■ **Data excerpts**
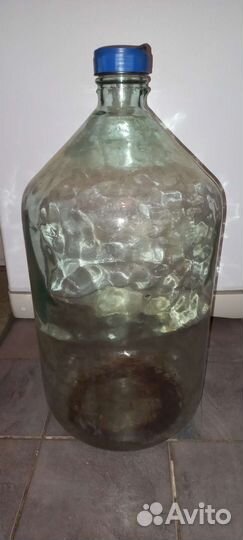 Бутыль стеклянная 20 литров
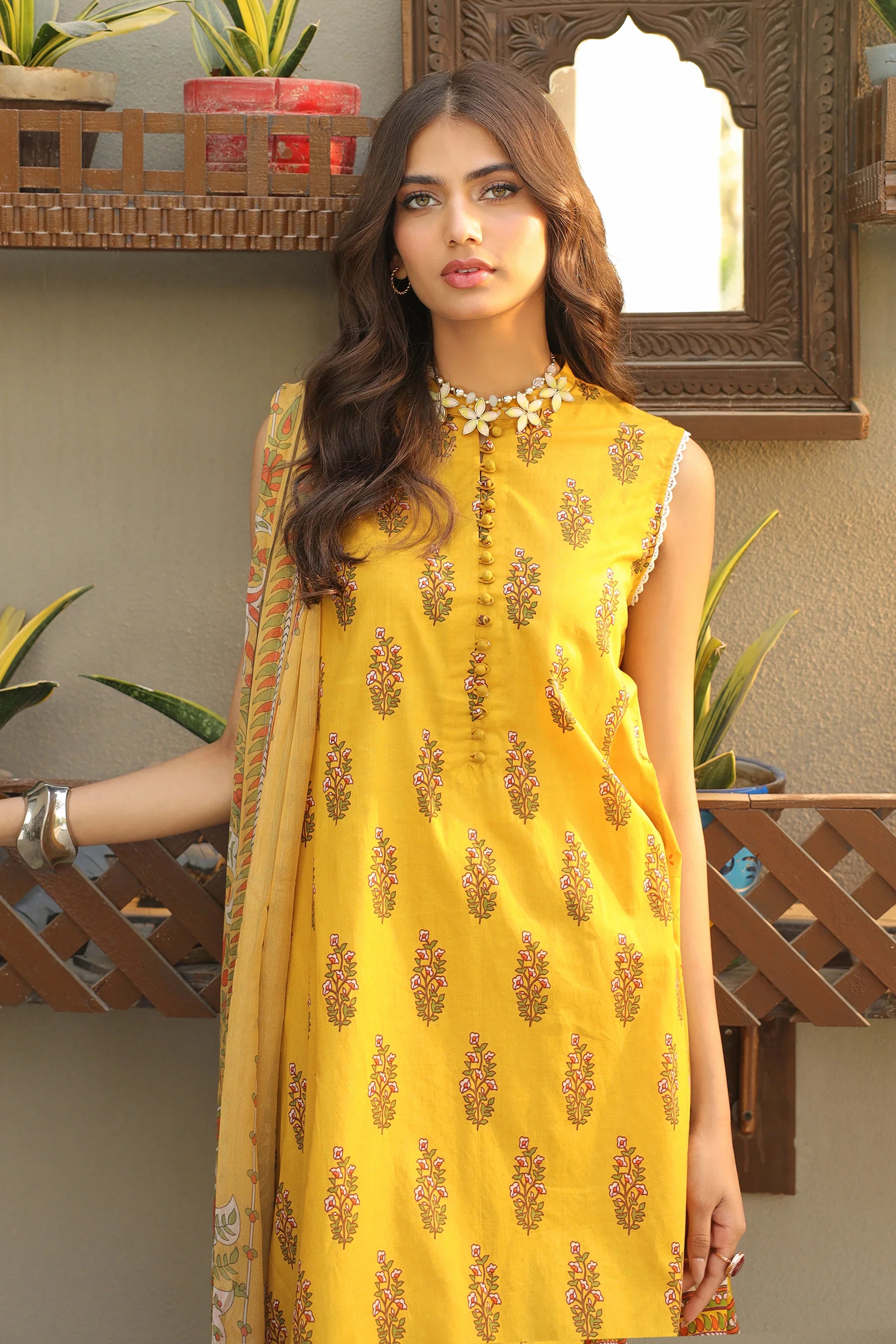 KOMAL PRINTS - LG-SR-0197-A - UNSTITCHED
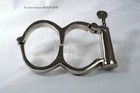 Single Lock  kub  Ankle leg Restraints - Role Play - Bondage - New Old Stock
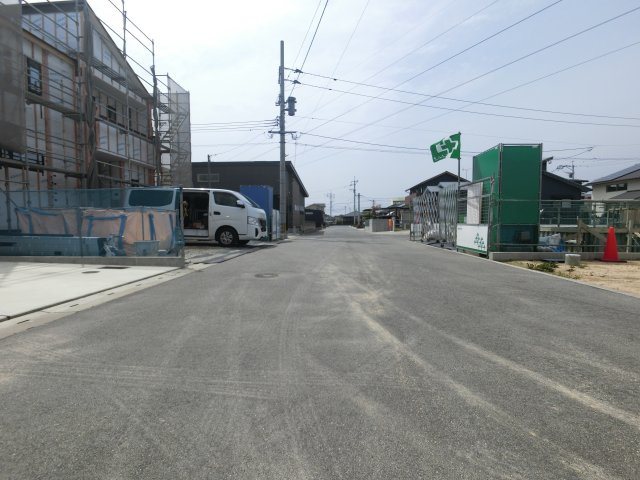 三養基郡上峰町大字坊所第10の前面道路含む現地写真|前面道路含む現地写真です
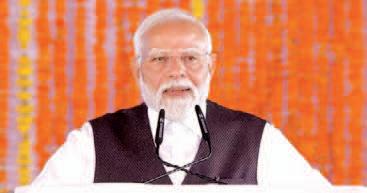 All good work is indeed left for me only to complete, says PM Modi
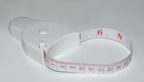 60" Liposonix Body Measurement Tool - 5' Circumference Tape Measure 152 cm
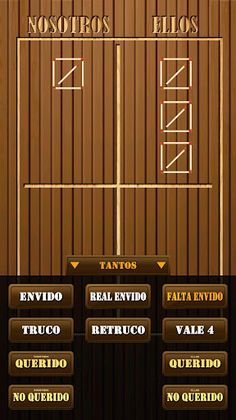 Anotador de Truco - Screenshot 4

■ **What you have to do**
Each line of the data should be quoted exactly, with pictures left out.

■ **Response area**
 Бутыль стеклянная 20 литров
 KOMAL PRINTS - LG-SR-0197-A - UNSTITCHED
 Single Lock  kub  Ankle leg Restraints - Role Play - Bondage - New Old Stock
 三養基郡上峰町大字坊所第10の前面道路含む現地写真|前面道路含む現地写真です
 All good work is indeed left for me only to complete, says PM Modi
 60" Liposonix Body Measurement Tool - 5' Circumference Tape Measure 152 cm
 Anotador de Truco - Screenshot 4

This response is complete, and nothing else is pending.